I could begin this post by invoking one of Robert Louis Stevenson’s most celebrated novels, but the notion of framing a conversation about Michael Pineda in the context of Dr. Jekyll and Mr. Hyde has been beaten as thoroughly as one of the latter’s victims. I could use Mr. Talbot and the Wolf Man, instead, or Bruce Banner and the Hulk. It doesn’t really matter, though.
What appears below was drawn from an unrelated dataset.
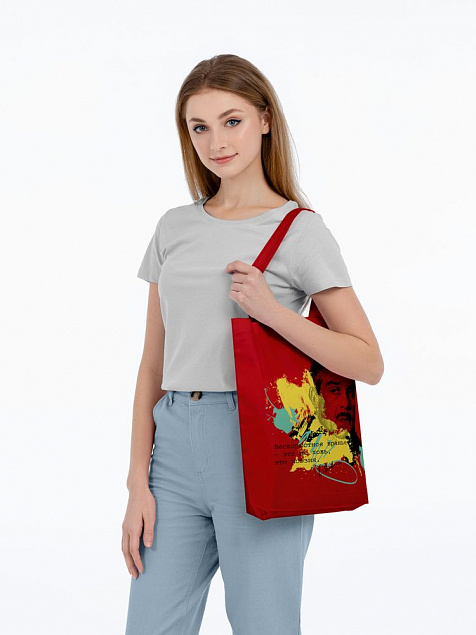 Холщовая сумка «Цитаты. Довлатов. Вранье», красная с логотипом в Санкт-Петербурге заказать по выгодной цене в кибермаркете AvroraStore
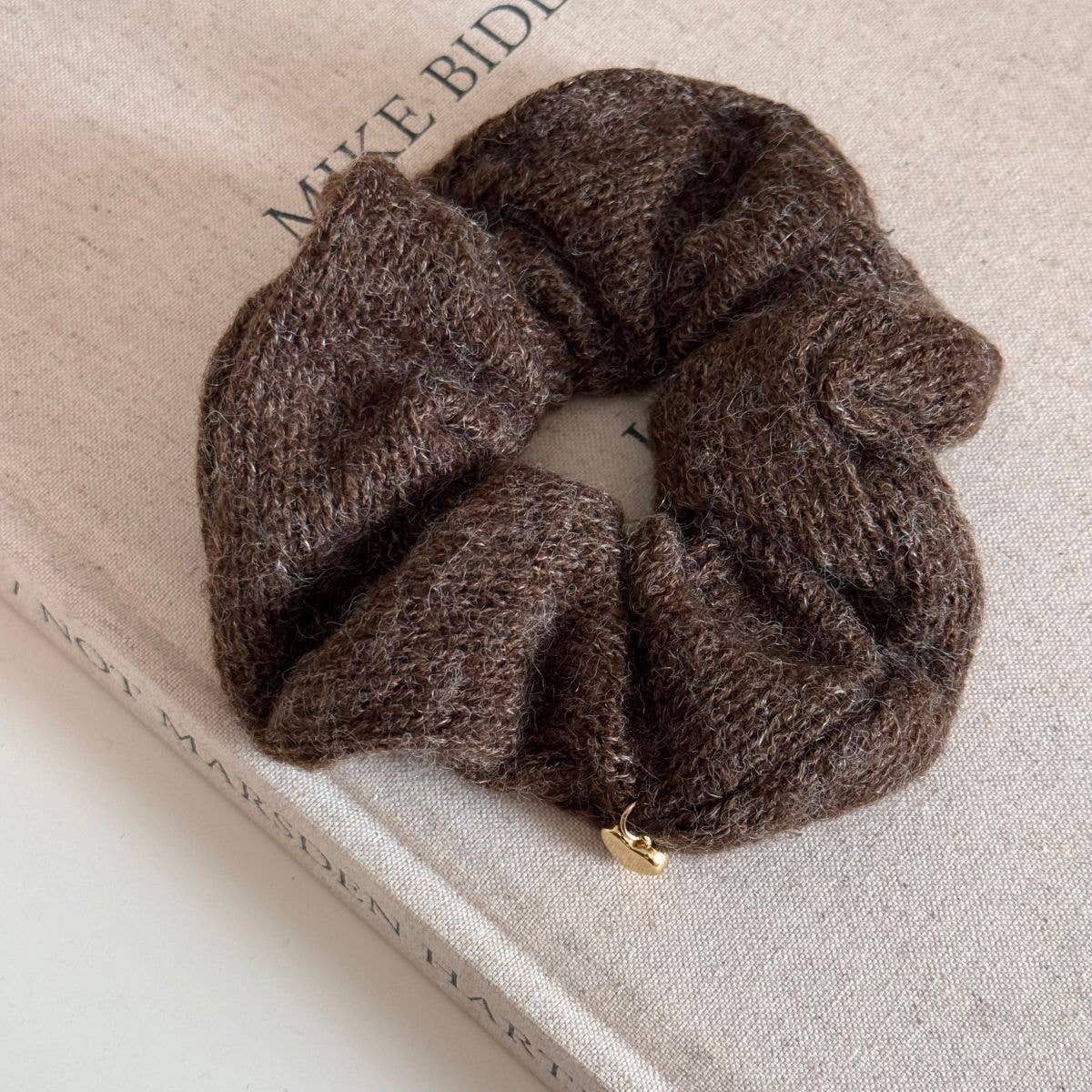 Heart Pendant Knit Hair Tie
Whatever set of characters one prefers, the point is the same: there are two versions of Pineda, one proficient and mild-mannered, the other prone to tragic outbursts.

Indeed, just last week Craig Edwards suspected that Pineda was at it again, giving up runs in bunches while somehow also producing elite fielding-independent numbers. Yesterday we saw the the complete other end of the spectrum, as Pineda took a perfect game deep into the seventh inning against Tampa Bay while looking like the truly most optimal version of himself. Barring a continued ricochet between starts, we won’t continue to bring you updates with every outing that he makes. Yet what we saw on Monday looked almost like a totally different pitcher.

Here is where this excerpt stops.